4.3同样对插入Oracle中的数据进行封装


//private def getType(df: DataFrame) = df.schema.fields.map(_.dataType.typeName).map(r => if (r.startsWith("decimal")) "decimal" else r)

//public static final Integer BATCH_COMMIT_CNT = 10000;

//public static final Integer OVER_COMMIT_CNT = 1000000;

def toOracleInsert(df: DataFrame, tableName: String) {

    val schema: Array[String] = getType(df)
    val fields = df.schema.fieldNames.mkString(",")
    val fields1 = schema.map(r => "?").mkString(",")
//      schema.foreach(println)
    val sql = s"""insert into $tableName ($fields) values($fields1)"""

    df.repartition(16).foreachPartition(row => {
      var conn: Connection = null
      var ps: PreparedStatement = null

      try {
        Class.forName(FileProperties.oracleDriver)
        conn = DriverManager.getConnection(ORA_PDR_URL, ORA_PDR_CONNP)
        ps = conn.prepareStatement(sql)
        conn.setAutoCommit(false)
        var iCnt: Int = 0
        row.foreach(data => {
          iCnt += 1
          ExecPS(data, ps, schema)
          ps.addBatch()

          if (iCnt % FileProperties.BATCH_COMMIT_CNT == 0 && iCnt != 0) {
            println(s"============================$iCnt")
            ps.executeBatch()
            ps.clearBatch()
          }
          if (iCnt % FileProperties.OVER_COMMIT_CNT == 0 && iCnt != 0){
            conn.commit()
          }
        })

        println(s"============================$iCnt")
        ps.executeBatch()
        ps.clearBatch()
        conn.commit()

      } finally {
        if (ps != null) {
          ps.close()
        }
        if (conn != null) {
          conn.close()
        }
      }
    })
  }

4.4 同样也可以增加参数，达到对不同Oracle数据库中的数据进行删除操作

//private def getType(df: DataFrame) = df.schema.fields.map(_.dataType.typeName).map(r => if (r.startsWith("decimal")) "decimal" else r)

//public static final Integer BATCH_COMMIT_CNT = 10000;

//public static final Integer OVER_COMMIT_CNT = 1000000;


def toOracleInsert(df: DataFrame, tableName: String,url :String,connp :Properties) {

    val schema = getType(df)
    val fields = df.schema.fieldNames.mkString(",")
    val fields1 = schema.map(r => "?").mkString(",")
//      schema.foreach(println)
    val sql = s"""insert into $tableName ($fields) values($fields1)"""

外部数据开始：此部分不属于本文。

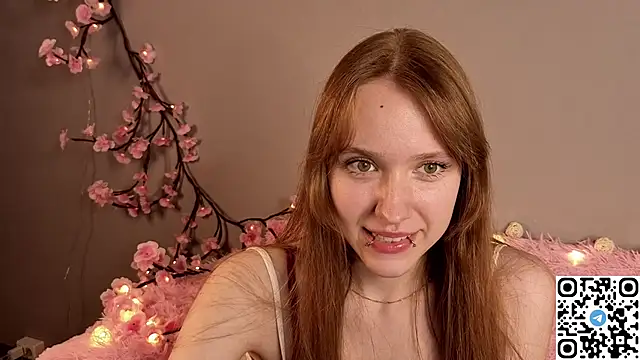 Snapshot of EmmaPratt chatting on January 19, 2026, 7:45 am EmmaPratt online show from January 19, 2026, 7:45 am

    df.repartition(16).foreachPartition(row => {
      var conn: Connection = null
      var ps: PreparedStatement = null

      try {
        Class.forName(FileProperties.oracleDriver)
        conn = DriverManager.getConnection(url, connp)
        ps = conn.prepareStatement(sql)
        conn.setAutoCommit(false)
        var iCnt: Int = 0
        row.foreach(data => {
          iCnt += 1
          ExecPS(data, ps, schema)
          ps.addBatch()

          if (iCnt % FileProperties.BATCH_COMMIT_CNT == 0 && iCnt != 0) {
            println(s"============================$iCnt")
            ps.executeBatch()
            ps.clearBatch()
          }
          if (iCnt % FileProperties.OVER_COMMIT_CNT == 0 && iCnt != 0){
            conn.commit()
          }
        })

        println(s"============================$iCnt")
        ps.executeBatch()
        ps.clearBatch()
        conn.commit()

      } finally {
        if (ps != null) {
          ps.close()
        }
        if (conn != null) {
          conn.close()
        }
      }
    })
  }

4.5 以上的方法一般同时调用

ResaveToOracle.delAnyTable("T_PSSC_TRAN_PORTRAIT_CENTER", s"STAT_DATE=${sdfMonth.format(date)}")
ResaveToOracle.toOracleInsert(ResulToOra2, "T_PSSC_TRAN_PORTRAIT_CENTER")